◆ Extracted records
========================
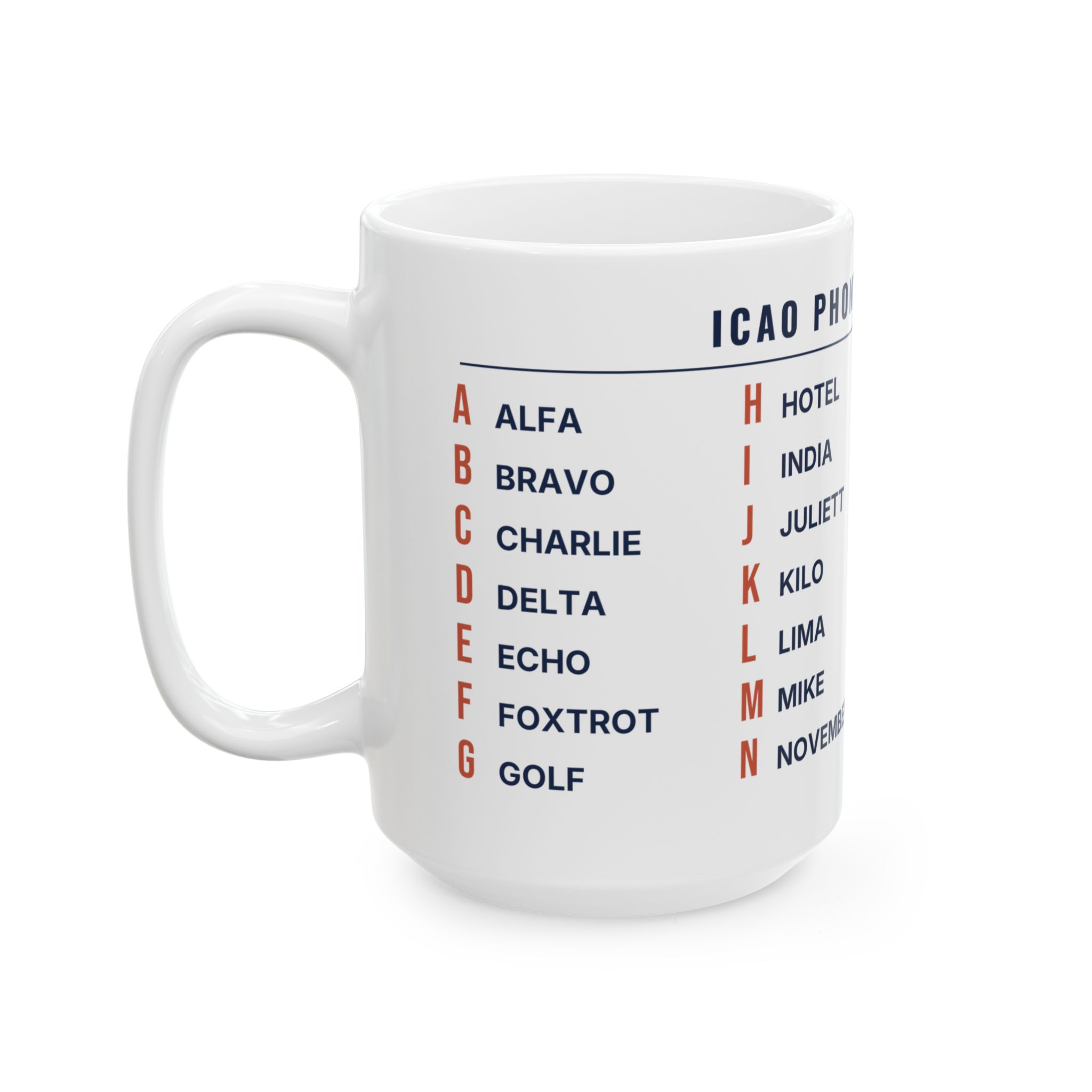 icao phonetic alphabet mug – alfa to zulu, 11oz / 15oz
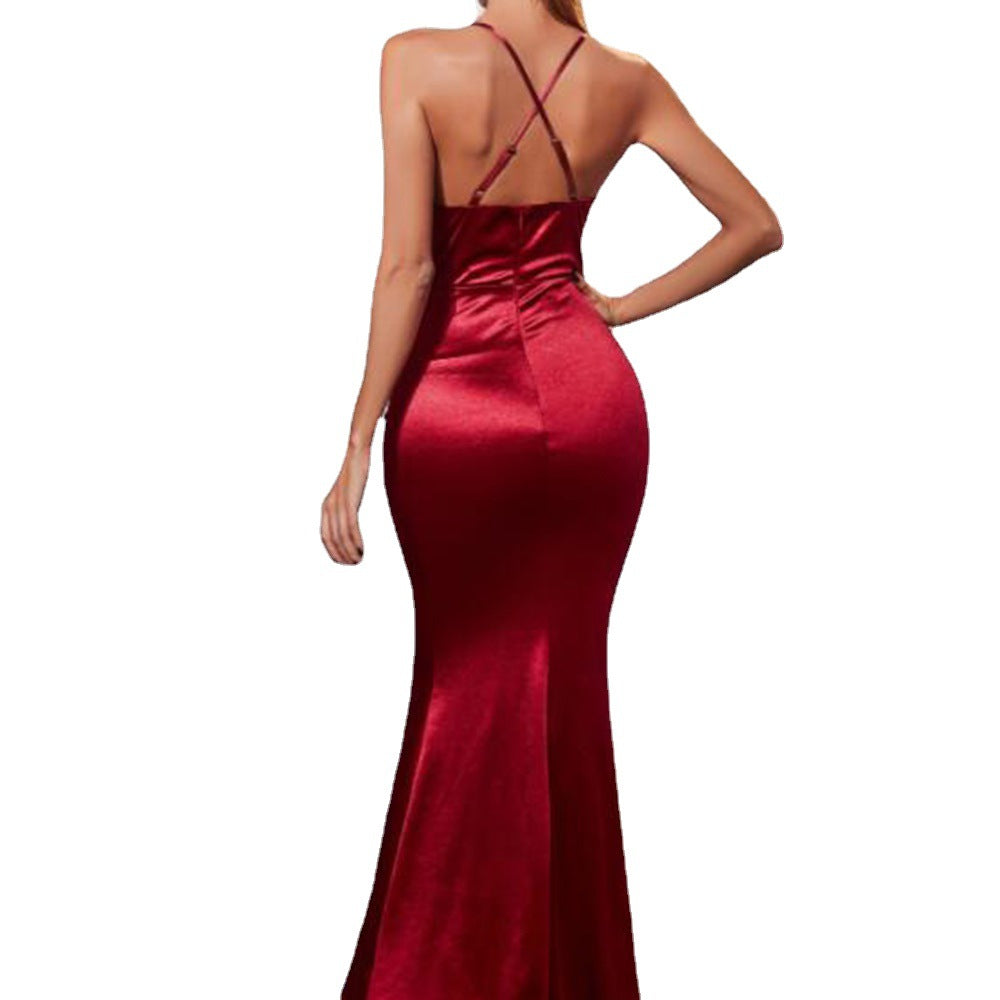 Elegant Backless Sling Swing Collar Slit Satin Evening Dress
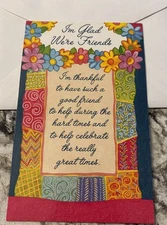 Friend I'm Glad We're Friends Thankful 5”x7.75" Stockwell Greeting Card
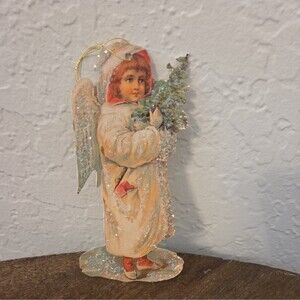 Vintage 1980s Christmas Die Cut Ornament  Angel Child Ephermera Victorian Syle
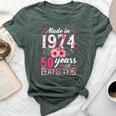 50 Year Old Made In 1974 Floral Flower 50Th Birthday Womens Bella Canvas T-shirt Heather Forest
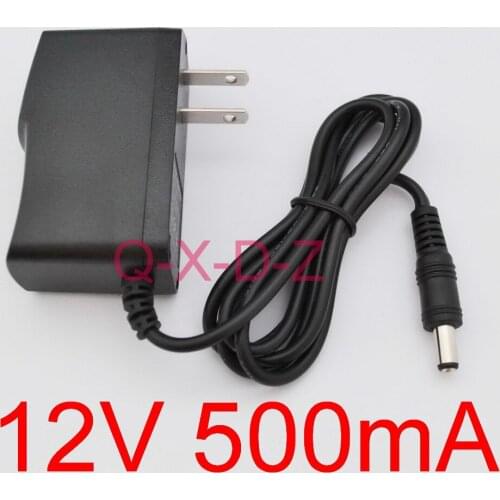 500PCS High quality AC 100V-240V Converter Switching power adapter DC 12V 500mA & 0.5A Supply US Plug DC 5.5mm x 2.1mm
========================
◆ THE TASK
An exact copy of every entry, pictures left out, is what to write here.

◆ SOLVED PROBLEM
 icao phonetic alphabet mug – alfa to zulu, 11oz / 15oz
 Elegant Backless Sling Swing Collar Slit Satin Evening Dress
 Friend I'm Glad We're Friends Thankful 5”x7.75" Stockwell Greeting Card
 Vintage 1980s Christmas Die Cut Ornament  Angel Child Ephermera Victorian Syle
 50 Year Old Made In 1974 Floral Flower 50Th Birthday Womens Bella Canvas T-shirt Heather Forest
 500PCS High quality AC 100V-240V Converter Switching power adapter DC 12V 500mA & 0.5A Supply US Plug DC 5.5mm x 2.1mm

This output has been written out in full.